_Your goal_: Output nothing except the lines from the one containing "Lenço Hermès Carré 90 Planifleures Laranja" through the final line of the data, both included, typed exactly, minus the pictures.
^^^^^^^^
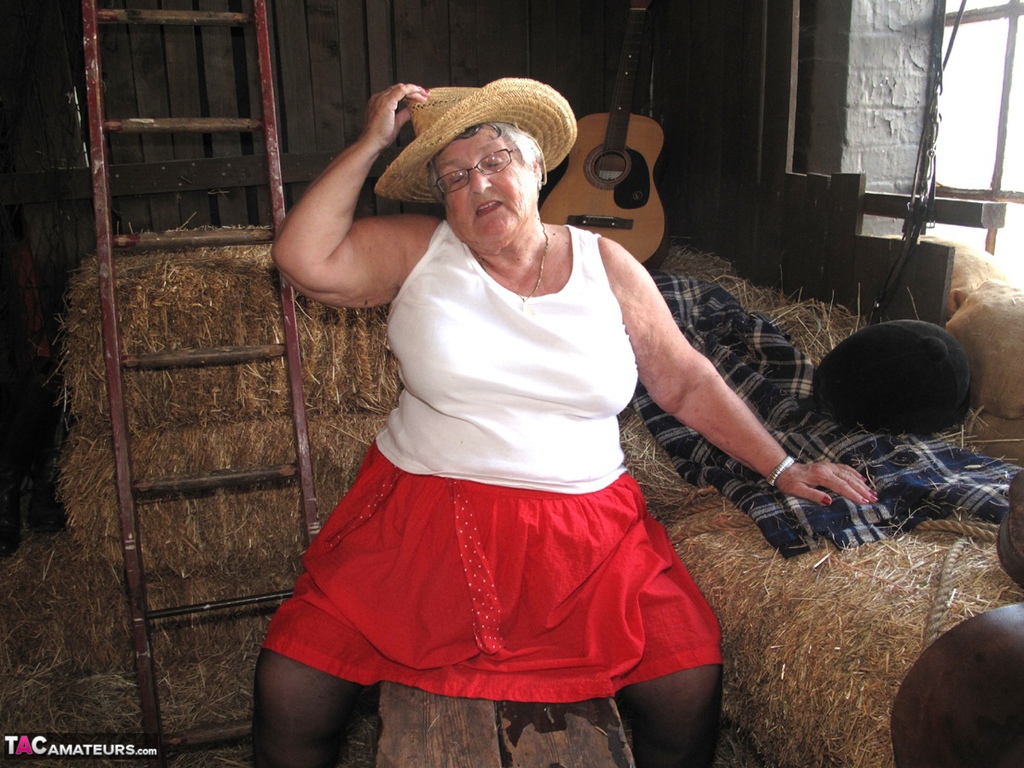 Obese British nan Grandma Libby gets naked in stockings on a bed of straw photo porno #424850658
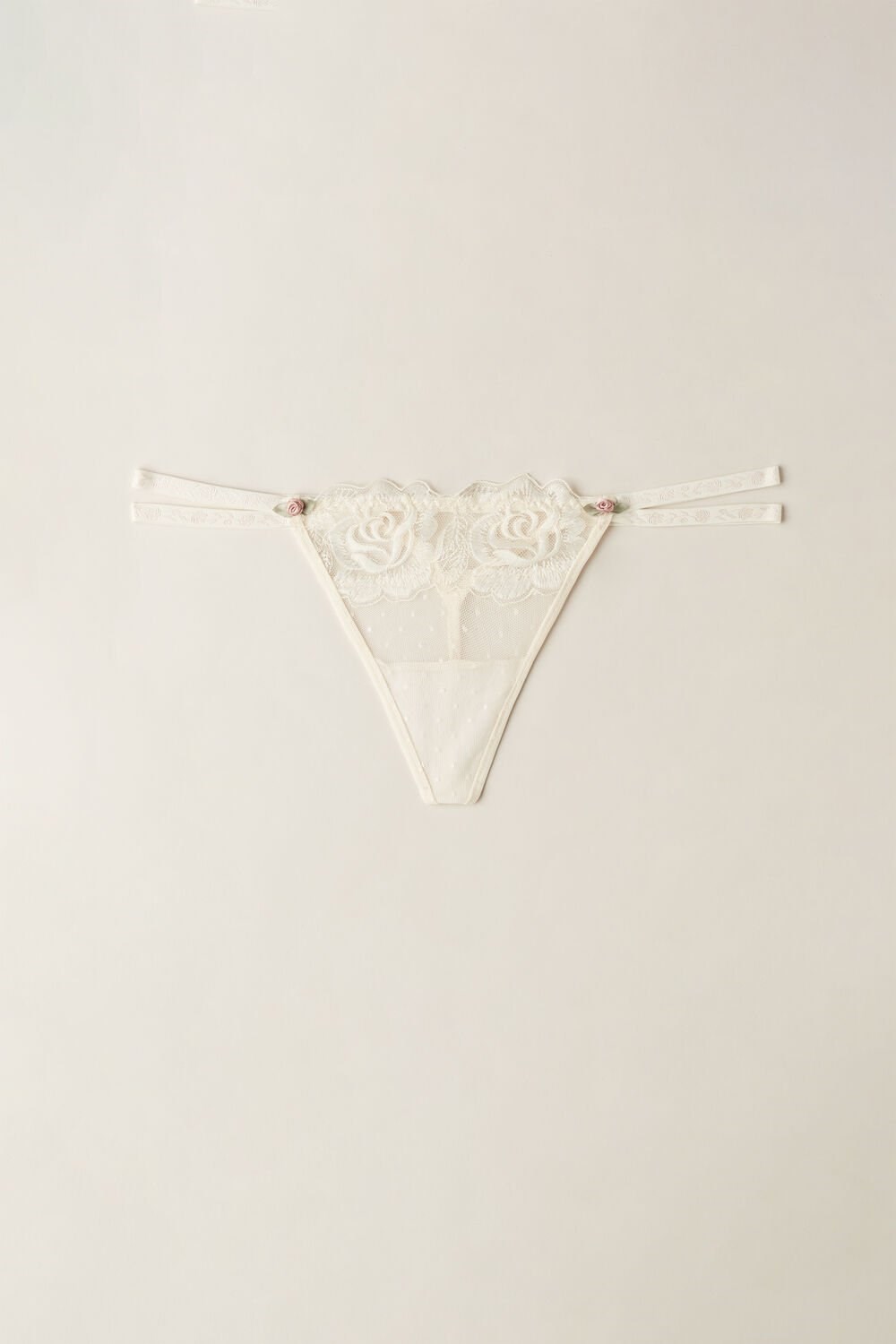 Natural - 612i - Vanilla Ivory Intimissimi Scent of Roses String Thong | NVKD-31958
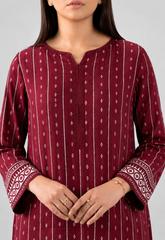 Maroon Printed Lawn 3PC Stitched Suit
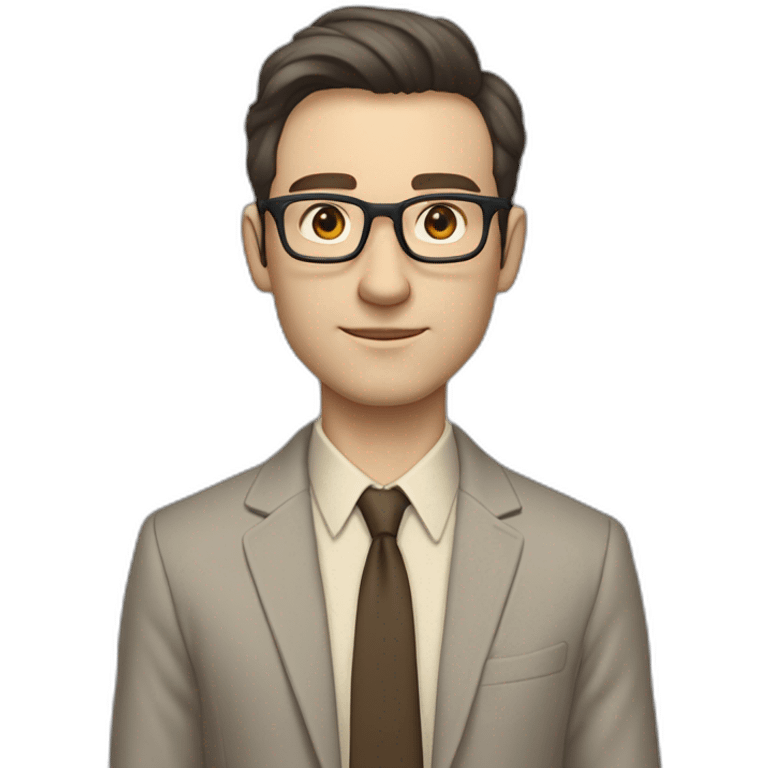 Full height Pale skinned Fit Man With dark brown hair in gray jacket, beige office shirt, tie, Brown pants and vintage glasses. Thrumbs of his palms directed up emoji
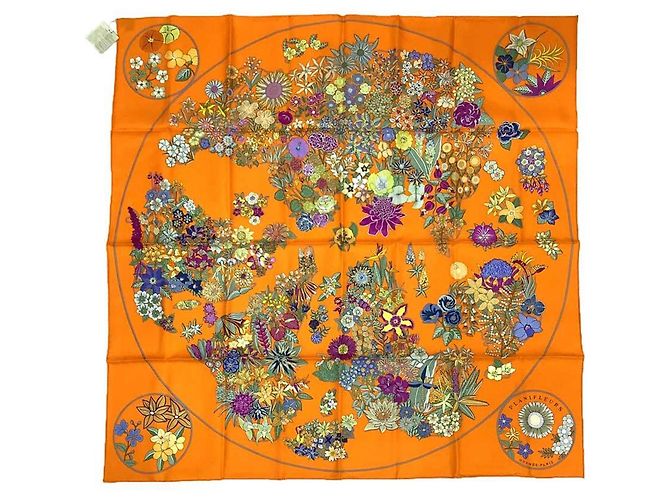 Lenço Hermès Carré 90 Planifleures Laranja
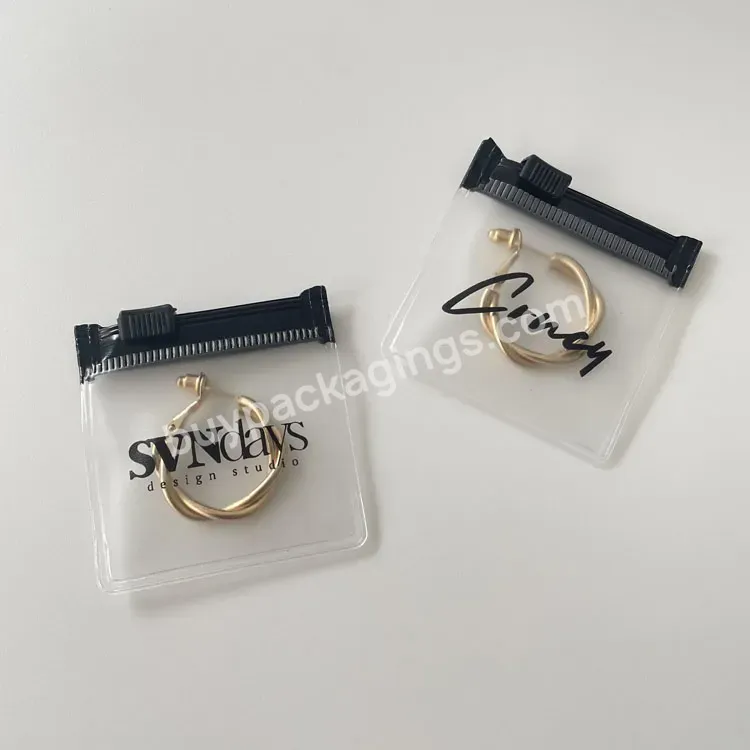 Custom Small Pvc Jewelry Frosted Plastic Zipper Bag Small Rings Packaging Bags Custom Logo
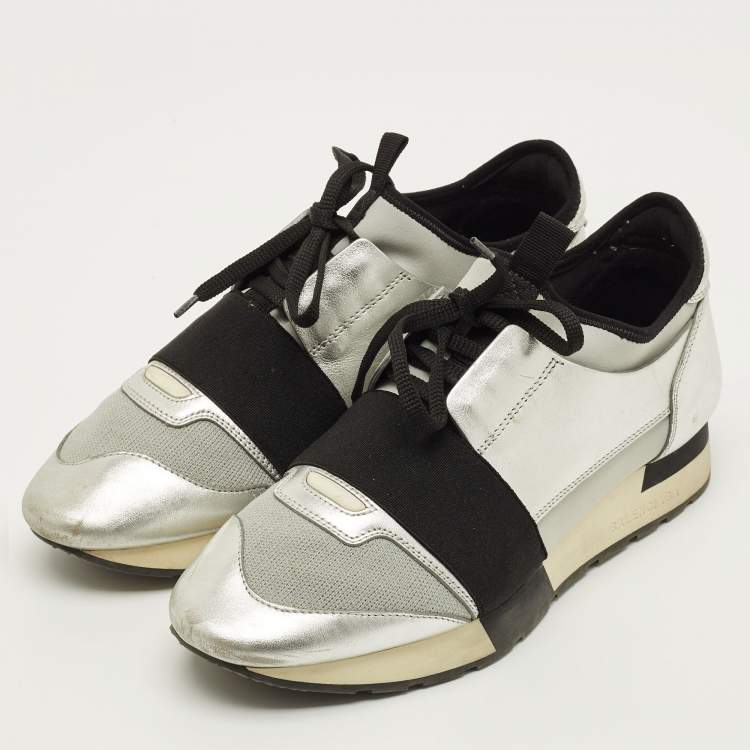 Pre Owned Balenciaga Race Runner Size 39 Silver/Grey Leather and Mesh Low Top Sneakers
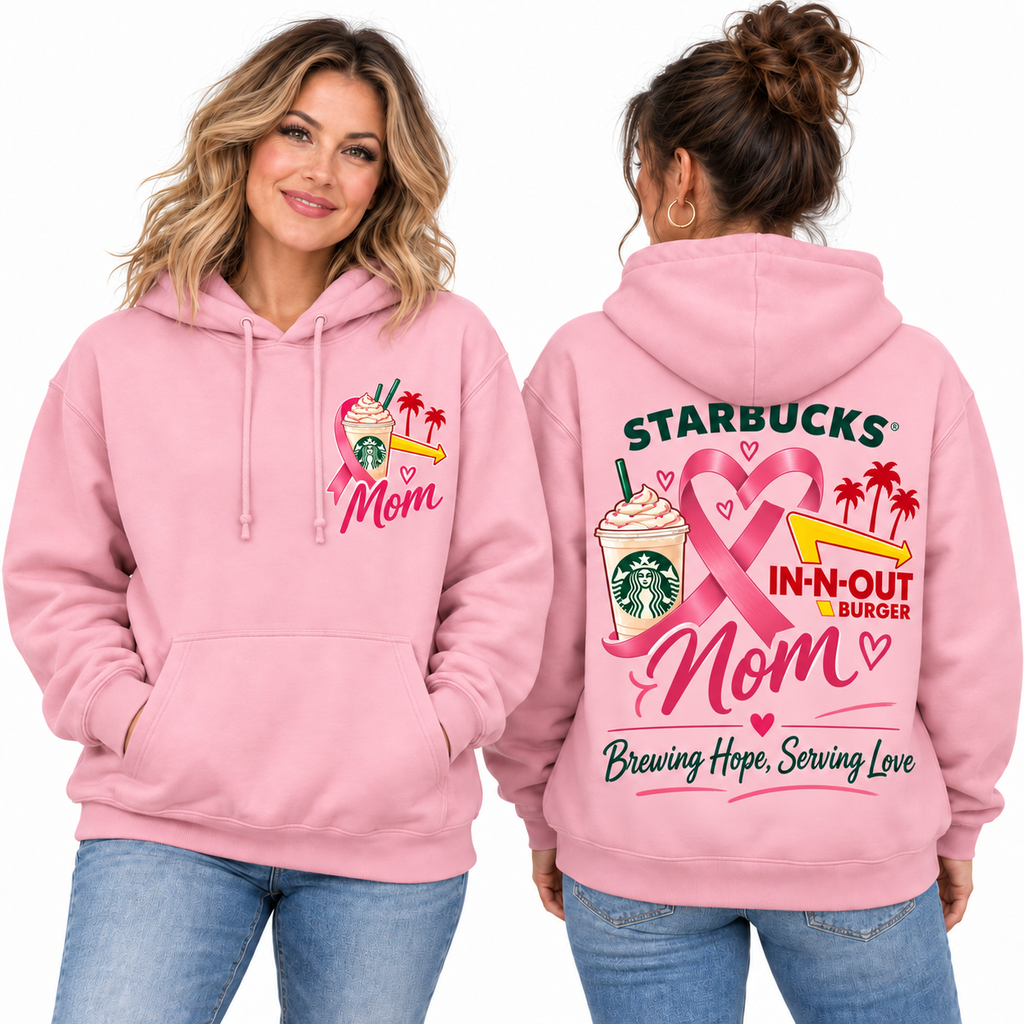 Starbucks In N Out Pink Ribbon Mom Hoodie NTH1 for Breast Cancer Awareness Supporters 2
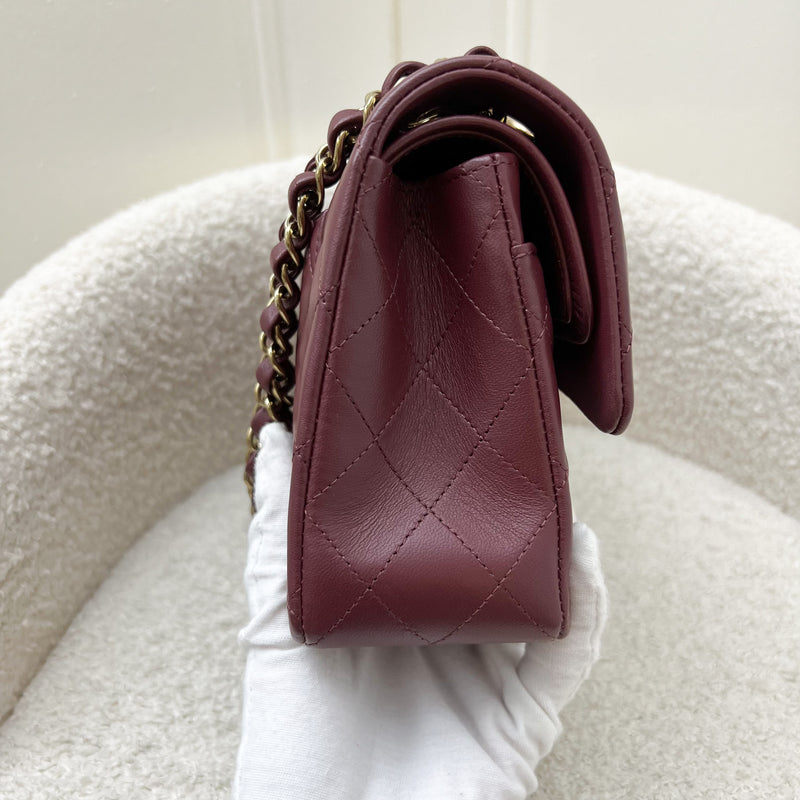 Chanel Small Classic Flap CF in Burgundy Lambskin and LGHW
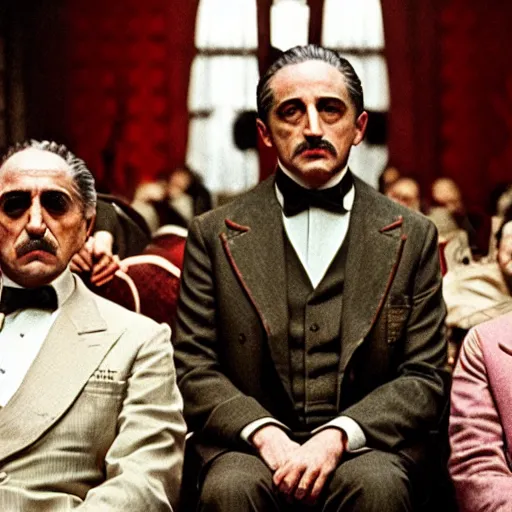 Prompt: the godfather, still from movie the grand budapest hotel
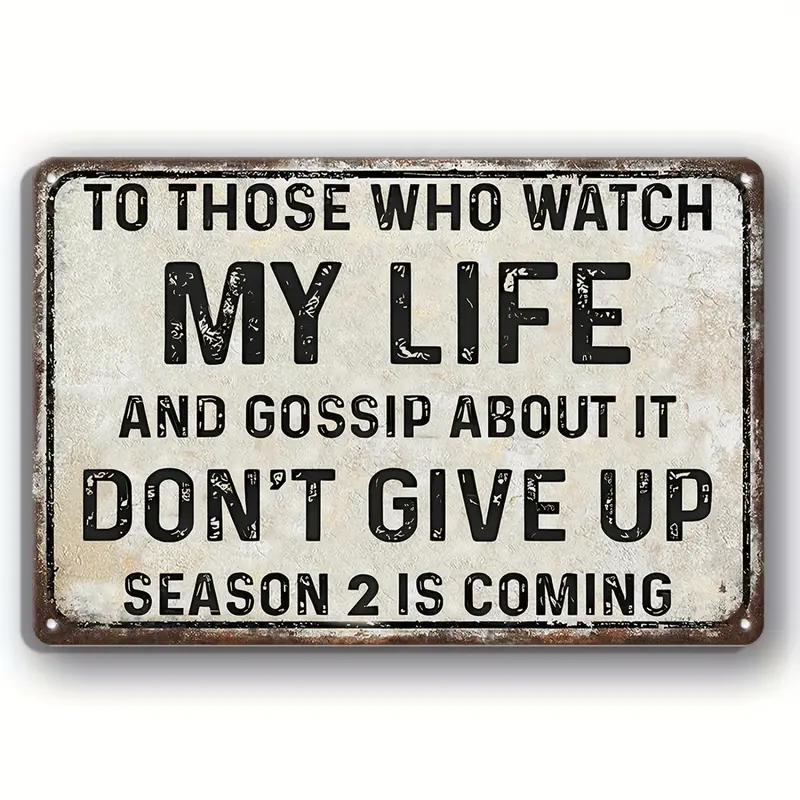 Vintage Industrial 8x12 Inch "To Those Who Observe Me" Painted Metal Tin Sign - Waterproof Weatherproof Plaque Decoration, Bar Farmhouse Signage, Black Poster Gift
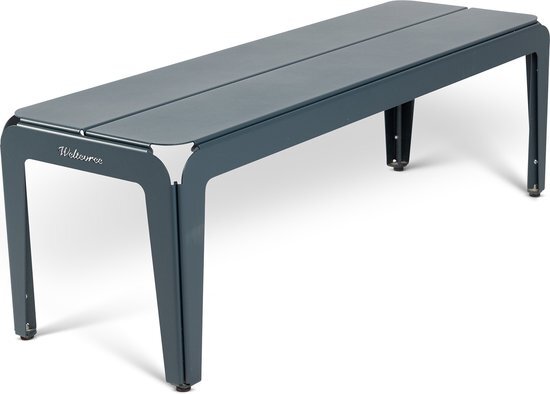 Weltevree | Bended Bench | Tuinbank | Buitenbank 3 Persoons | Aluminium Gepoedercoate Afwerking | Tuinmeubel | Grijsblauw RAL 5008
^^^^^^^^
_Result_:
 Lenço Hermès Carré 90 Planifleures Laranja
 Custom Small Pvc Jewelry Frosted Plastic Zipper Bag Small Rings Packaging Bags Custom Logo
 Pre Owned Balenciaga Race Runner Size 39 Silver/Grey Leather and Mesh Low Top Sneakers
 Starbucks In N Out Pink Ribbon Mom Hoodie NTH1 for Breast Cancer Awareness Supporters 2
 Chanel Small Classic Flap CF in Burgundy Lambskin and LGHW
 Prompt: the godfather, still from movie the grand budapest hotel
 Vintage Industrial 8x12 Inch "To Those Who Observe Me" Painted Metal Tin Sign - Waterproof Weatherproof Plaque Decoration, Bar Farmhouse Signage, Black Poster Gift
 Weltevree | Bended Bench | Tuinbank | Buitenbank 3 Persoons | Aluminium Gepoedercoate Afwerking | Tuinmeubel | Grijsblauw RAL 5008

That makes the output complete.